風堇支支吾吾地開口:“蝶寶,白寶,你們有沒有想過一個問題……羅浮能請這兩位來打表演賽,是不是意味著,大部分參賽選手都有他們的水平?”
“!”
白厄和遐蝶都聽懂了大師姐的未盡之語,原本激動的心猛地一沉。
風堇越想越慌:“如果真是這樣的話,我得替敵寶捏一把冷汗了。”
他們都是第一次參加銀河級的賽事,還被凱撒寄予了照顧萬敵的重任。屆時如果拿不到一個好成績回去,三個年輕人無顏面對翁星父老。
“萬敵哥還在健身房,估計沒空看這場表演賽。不如我們直接去告訴他,讓他心裡有個底。”
“好!”
健身房裡,萬敵接過白厄遞來的乾毛巾,擦了擦汗津津的臉,順手解開腦後扎著的小辮子,一頭如火般熱烈的金紅頭髮重新散落在肩上。
王儲看著面前滿臉擔憂的三人,笑著搖了搖頭,用一種令人信服的語氣對他們強調道:
“懸鋒人的字典裡,沒有‘輕敵’二字。”
他頓了頓。
“但……你們的好意,我收下了。”
三人看了看彼此,露出一個舒心的笑容。
萬敵招呼著三個明顯一路跑過來的同伴坐下來,歇口氣冷靜一下,給他們遞上官方發的飲用水,隨口問道:
“在羅浮吃得還習慣嗎?要是有水土不服,我今晚用這邊的食材做幾道翁星本地菜,味道可能不夠地道,但至少不會陌生得難以下嚥。”
“萬敵哥,咱們明明是你的後勤團隊,最後還要你來照顧我們……”
白厄擰開瓶蓋,咕咚咕咚喝了一大口,言語間帶著幾分愧疚和鼻酸。
風堇和遐蝶也有些不好意思。
萬敵卻說:“這是哪裡話?我是你們中年紀最大的,遊俠生涯走南闖北,無論多複雜艱難的情況都遇見過,只是一場比武賽事,我單槍匹馬也能應付。”

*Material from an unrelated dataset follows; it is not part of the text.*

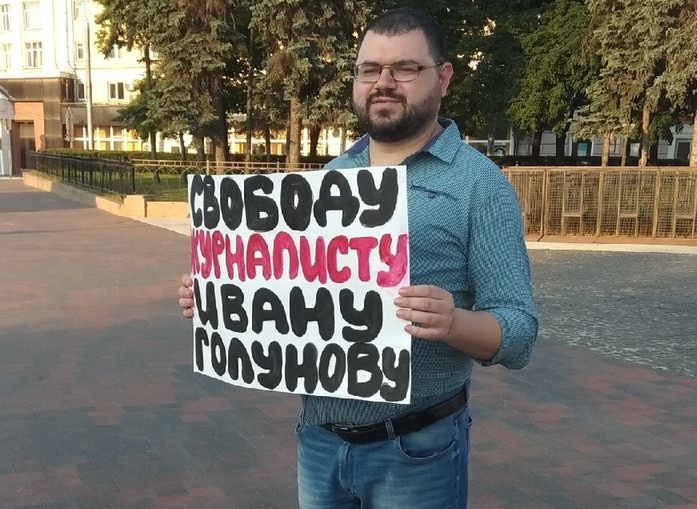 Почти 90% рязанцев поддержали в соцсети журналиста Смирнова в споре с депутатом Ачаловым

“但你們想過沒有,既然如此,為甚麼刻姨還要把你們也一起派過來?”
三人齊刷刷搖了搖頭。
萬敵叉開雙腿坐著,雙手撐在膝上,目光沒有看著三個求之若渴的年輕人,而是落在光潔的室內地板上,含糊其辭地解答道:
“因為,星天演武儀典,不單單是我一個人的歷練,也是給你們的歷練。”
說完之後,萬敵偏過腦袋,注視著懵懵懂懂的風堇、遐蝶和白厄,彷彿能透過窗外射進來的晚霞殘霧,看到在過去一千多萬個輪迴中,曾與他並肩作戰的天空半神、死亡半神和負世半神。
而現在的他們,都還是單純的普通人模樣,只與種地、學醫、寫作打過交道,而不用接觸血腥、死亡和離別。
“……這樣就夠了。”萬敵低聲說。
“萬敵哥,你說甚麼悄悄話呢?”
白厄湊了過來。
“沒甚麼。”萬敵收回思緒,“所以,你們明白凱撒的用心良苦了吧?不必為此內疚不安,只要你們有所成長,就算是阿那克薩戈拉斯來了,也不會衝你們說甚麼難聽話。”
即便已經畢業多年,依然時常做夢給導師打黑工的三人聽到這話,不約而同擠出一個夢遊般的苦澀微笑:
“那還真不一定……”
萬敵:“咳,好了,我們不說他了,回到正題。”
“我的第一場擂臺賽在明天,本想趁最後一天多練練,沒想到錯過了一場好戲。遐蝶,麻煩你幫我找來比賽的錄影;風堇,你陪我練一套放鬆動作;白厄——明天上場前的所有安排,你都把好關了嗎?”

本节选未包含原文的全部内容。